Open asfimport opened 3 years ago
Kirill Lykov / @KirillLykov: Sounds interesting to me, I would like to have a look. Could give some more details from where to start? I mean:
Yibo Cai / @cyb70289: @pitrou, please correct me if I missed somthing.
Code: vector_sort.cc Unit test: vector_sort_test.cc Benchmark: vector_sort_benchmark.cc
Please note current code supports sorting multiple columns, so looks a bit complex. I think we can start with single array sorter. Specifically, below code line calling std::stable_sort https://github.com/apache/arrow/blob/a321cdedb75b27b669995065ffe5596b3cfb3ae4/cpp/src/arrow/compute/kernels/vector_sort.cc#L378
Kirill Lykov / @KirillLykov: Thanks for the clarification, I will check it out next week.

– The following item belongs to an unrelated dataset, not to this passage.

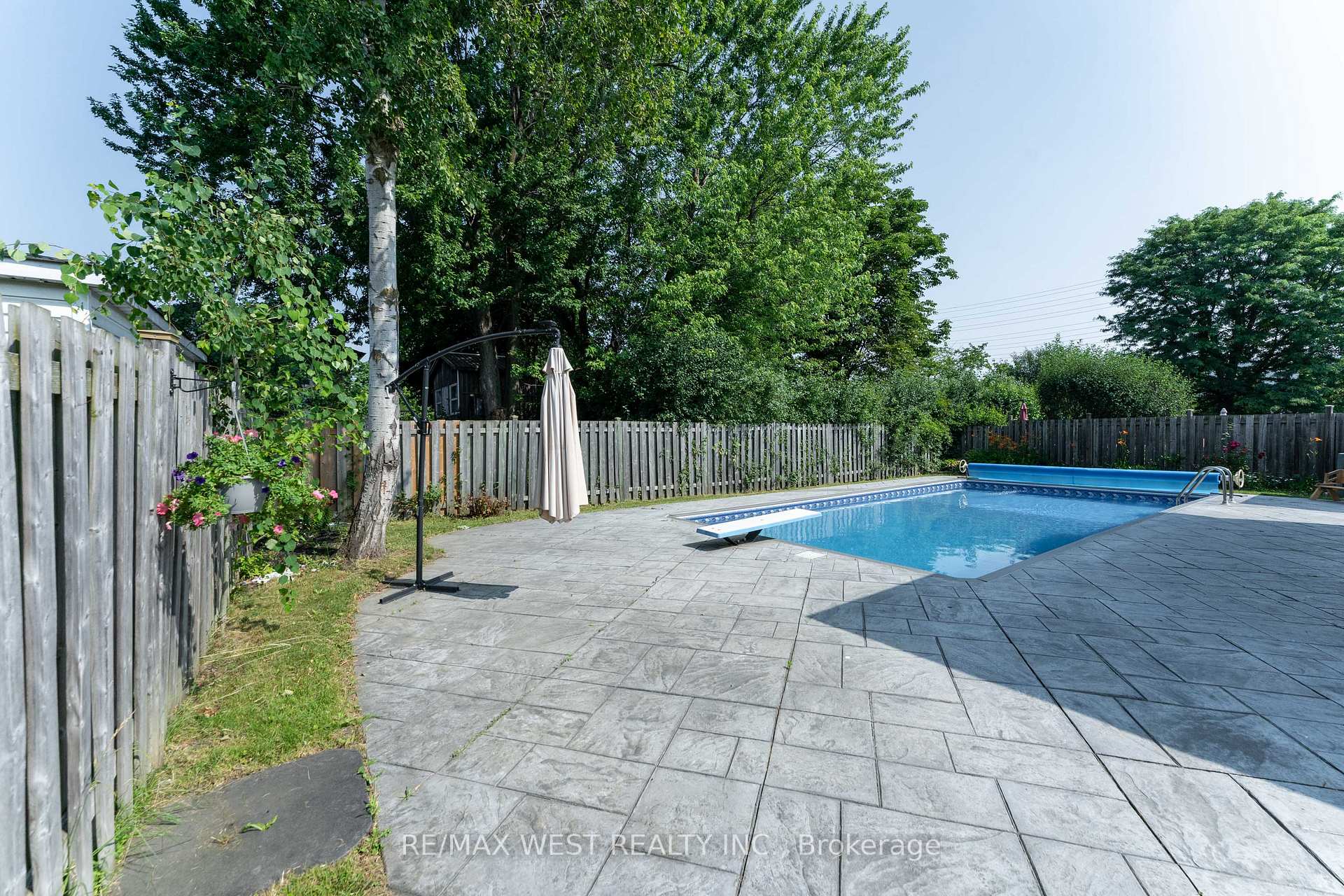 Photo 22 of 44 Fidelia Crescent, Brampton, Southgate — HOMEH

Kirill Lykov / @KirillLykov:
From the paper "Fast Sort on CPUs and GPUs: A Case for Bandwidth Oblivious SIMD Sort" by Satish et al: They compare, beside other things, performance of radix sort and merge sort using intrinsics. Both implementations are highly optimized for simd architecture and radix has many not obvious improvements to make it more cache-friendly. Radix sort performance depends on the key size because the longer key we have the more passes we need to do. Radix is bandwidth-bound starting at 48-bits keys. Further, Satish et al report that merge sort is 1.7X slower than radix sort on 32- bit keys, but becomes comparable in performance to radix on 64-bit keys and 1.3X better on 128-bit keys. Their conclusion is that "bandwidth-oblivious SIMD friendly merge sort, should, therefore, be the sorting method of choice for future databases".
I haven't found a good opensource radix sort for CPUs. There is one in boost called spread sort, looks promising. Alternatively one could implement Satish paper but this code will be difficult to support
Antoine Pitrou / @pitrou:
@KirillLykov Feel free to experiment, but note that adding SIMD into the mix will add a layer of complication.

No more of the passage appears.